# Information
>>>
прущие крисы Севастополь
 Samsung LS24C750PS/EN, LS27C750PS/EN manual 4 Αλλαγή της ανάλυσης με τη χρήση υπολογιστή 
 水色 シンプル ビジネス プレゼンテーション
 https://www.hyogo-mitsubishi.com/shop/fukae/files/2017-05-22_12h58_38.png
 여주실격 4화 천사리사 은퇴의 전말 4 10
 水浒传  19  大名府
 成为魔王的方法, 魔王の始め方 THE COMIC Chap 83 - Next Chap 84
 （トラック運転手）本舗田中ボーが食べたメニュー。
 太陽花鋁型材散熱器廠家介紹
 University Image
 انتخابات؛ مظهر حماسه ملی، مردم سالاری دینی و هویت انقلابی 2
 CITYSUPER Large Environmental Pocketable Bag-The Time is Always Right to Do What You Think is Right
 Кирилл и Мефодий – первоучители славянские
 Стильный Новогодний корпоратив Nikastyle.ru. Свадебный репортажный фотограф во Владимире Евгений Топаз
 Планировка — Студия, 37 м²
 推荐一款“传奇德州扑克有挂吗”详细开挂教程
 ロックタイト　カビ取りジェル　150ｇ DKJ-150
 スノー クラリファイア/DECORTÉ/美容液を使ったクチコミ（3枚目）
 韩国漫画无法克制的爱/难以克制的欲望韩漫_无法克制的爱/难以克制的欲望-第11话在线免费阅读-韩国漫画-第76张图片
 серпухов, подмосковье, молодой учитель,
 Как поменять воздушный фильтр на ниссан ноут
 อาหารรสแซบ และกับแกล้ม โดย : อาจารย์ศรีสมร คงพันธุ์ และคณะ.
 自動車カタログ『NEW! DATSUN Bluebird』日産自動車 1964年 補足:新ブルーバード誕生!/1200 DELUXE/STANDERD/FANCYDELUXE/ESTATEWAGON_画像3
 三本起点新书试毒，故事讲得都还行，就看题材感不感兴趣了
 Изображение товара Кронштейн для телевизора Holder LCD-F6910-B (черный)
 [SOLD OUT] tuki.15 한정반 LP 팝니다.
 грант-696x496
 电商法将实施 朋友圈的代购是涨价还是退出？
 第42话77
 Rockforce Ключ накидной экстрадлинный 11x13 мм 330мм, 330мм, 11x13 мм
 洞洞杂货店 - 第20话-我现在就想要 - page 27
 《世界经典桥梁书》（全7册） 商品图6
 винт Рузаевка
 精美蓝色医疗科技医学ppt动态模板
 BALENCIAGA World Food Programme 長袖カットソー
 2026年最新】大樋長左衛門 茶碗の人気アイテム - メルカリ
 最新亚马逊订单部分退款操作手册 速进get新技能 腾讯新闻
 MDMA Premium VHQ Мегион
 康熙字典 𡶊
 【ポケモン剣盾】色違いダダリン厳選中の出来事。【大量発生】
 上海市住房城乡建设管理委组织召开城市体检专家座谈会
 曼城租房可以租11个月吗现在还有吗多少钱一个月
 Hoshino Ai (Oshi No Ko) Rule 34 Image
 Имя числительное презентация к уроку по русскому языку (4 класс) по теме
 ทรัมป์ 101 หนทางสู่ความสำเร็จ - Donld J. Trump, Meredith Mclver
<<<
# Task to complete
Taking the records above, retype every line from the one with "太陽花鋁型材散熱器廠家介紹" down to the one with "スノー クラリファイア/DECORTÉ/美容液を使ったクチコミ（3枚目）", exactly and with nothing else.

# Your response
 太陽花鋁型材散熱器廠家介紹
 University Image
 انتخابات؛ مظهر حماسه ملی، مردم سالاری دینی و هویت انقلابی 2
 CITYSUPER Large Environmental Pocketable Bag-The Time is Always Right to Do What You Think is Right
 Кирилл и Мефодий – первоучители славянские
 Стильный Новогодний корпоратив Nikastyle.ru. Свадебный репортажный фотограф во Владимире Евгений Топаз
 Планировка — Студия, 37 м²
 推荐一款“传奇德州扑克有挂吗”详细开挂教程
 ロックタイト　カビ取りジェル　150ｇ DKJ-150
 スノー クラリファイア/DECORTÉ/美容液を使ったクチコミ（3枚目）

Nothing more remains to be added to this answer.